Think "craft" and "immediately interesting and narrow questions". Or think of it this way, where do (most) new technology come from?
Of course, there is a lot of truth in the characterization of "typically". Many of the areas tasks are routine. But the area as such is empirically based.
Brandon already gave a good example of something where the preliminary meaning is governed by vague usage instead of precise definition. I give you another (a classic in philosophy): Try and define what a game is, and see how far you get. There is no precise, all-encompassing definition for a game, yet we can easily classify given activities as games or not-games. The notion of a game is governed by how we use the word 'game'; not the other way round.
Do not confuse a lack of precision or a lack of completeness with a lack of meaning. There are no grounds for requiring language (which has rather organic origins after all) to be precise. Instead, we should look at language itself, like how we look at natural phenomena, and observe if it is precise.
There are two essentially complementary abilities. I use complementary in the sense that they are almost conjugate variables of each other (in so far as that concept makes sense in this context), that of knowing when a hypothesis is wrong, and being able to convince someone a hypothesis is correct.
The latter skill is necessary to get a paper published, to get a research program funded, to achieve "success" in a scientific career. The former is much more important in the day-to-day work of a scientist.
With "enough" data, it becomes obvious which hypotheses are wrong and which ones are correct. The amount of data may not be actually realizable, but in principle with "enough", there would be no doubt.
The skill of a scientist is measured by how much data he/she needs to make those determinations correctly.
At one extreme you have people who can convince others (or themselves) with zero data (or fraudulent data), and on the other hand are those who can make reject incorrect hypotheses with little or no data. For example Einstein formulated his theory of the photoelectric effect, and Millikan spent 10+ years trying to prove it was wrong, collecting ever more data that fit it better and better. Einstein was able to reject the "light is a wave" and the "luminiferous aether" hypothesis whereas Millikan was not, even when Milliken's own data was the best "proof" of the photoelectric effect.

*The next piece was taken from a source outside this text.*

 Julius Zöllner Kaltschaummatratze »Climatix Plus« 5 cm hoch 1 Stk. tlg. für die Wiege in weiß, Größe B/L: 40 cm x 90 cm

Problems in science occur when some of the paradigms are wrong. Thomas Kuhn's work is extremely important in this, and quibbling about what a paradigm is and isn't doesn't take away from it.
Unfortunately for Millikan, he was too good at convincing himself that "light is a wave".
In essence, that is the problem with superstition. People have convinced themselves and others that certain things are "true", in the complete absence of data, or even with abundant data that directly contradicts their belief (for example young Earth creationism).
I think the "convincing others of the hypothesis" is fundamentally a human social need/ability, where the "rejecting a wrong hypothesis" is the fundamental characteristic of a "scientist".
I think these two characteristics are quite fundamental in the structure and function of a person's brain, and are not things that can be "learned" in the common sense of learning things. You have to be able to modify the paradigms of your own thinking processes, and not everyone can do that, or can choose the paradigms that lead to this.
People could only be mistaken in calling a set of things by a particular name if that name had a pre-existing definition attached to it. If not, we can construct whatever set we like with whatever elements we like.
So I can say that philosophy is a science and the only thing that makes me wrong is that people don't agree with me? If so, how many people have to agree with me for philosophy to be a science?